Limiting Distributions of Spectral Radii for Product of Matrices from the Spherical Ensemble

TL;DR

This paper studies the limiting behavior of the spectral radii of products of independent matrices from the spherical ensemble, revealing convergence to Gamma-based distributions for fixed m and normal limits when m grows with n.

Contribution

It extends previous results by characterizing the spectral radius distributions for products of spherical ensemble matrices in both fixed and growing m scenarios.

Findings

Spectral radii converge to distributions of functions of Gamma variables for fixed m.

Logarithmic spectral radii tend to a normal distribution as m increases with n.

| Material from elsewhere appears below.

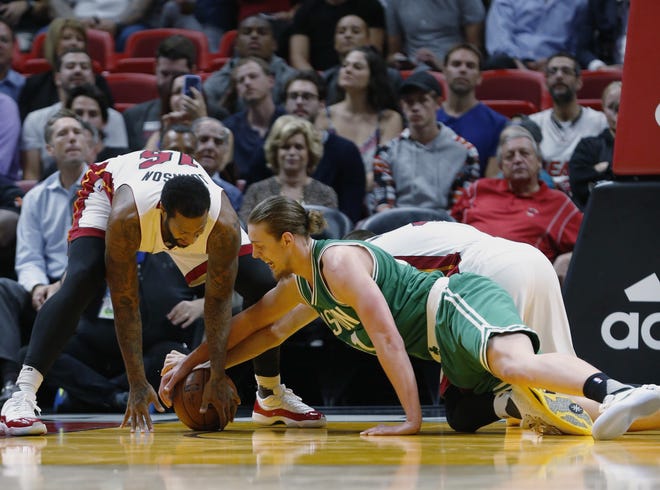 Miami Heat forwards James Johnson, left, and Josh McRoberts, rear, battle for a loose ball with Celtics forward Kelly Olynyk during Monday's game in Miami. AP Photo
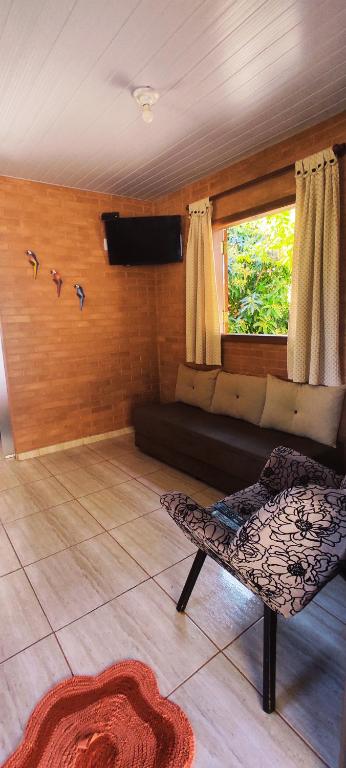 a living room with a couch and a window at Fazenda Rosmaninho in Alto Paraíso de Goiás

Provides a unified understanding of spectral radius behavior in matrix products from the spherical ensemble.

Abstract

Consider the product of $m$ independent $n\times n$ random matrices from the spherical ensemble for $m\ge 1$. The spectral radius is defined as the maximum absolute value of the $n$ eigenvalues of the product matrix. When $m=1$, the limiting distribution for the spectral radii has been obtained by Jiang and Qi (2017). In this paper, we investigate the limiting distributions for the spectral radii in general. When $m$ is a fixed integer, we show that the spectral radii converge weakly to distributions of functions of independent Gamma random variables. When $m=m_n$ tends to infinity as $n$ goes to infinity, we show that the logarithmic spectral radii have a normal limit.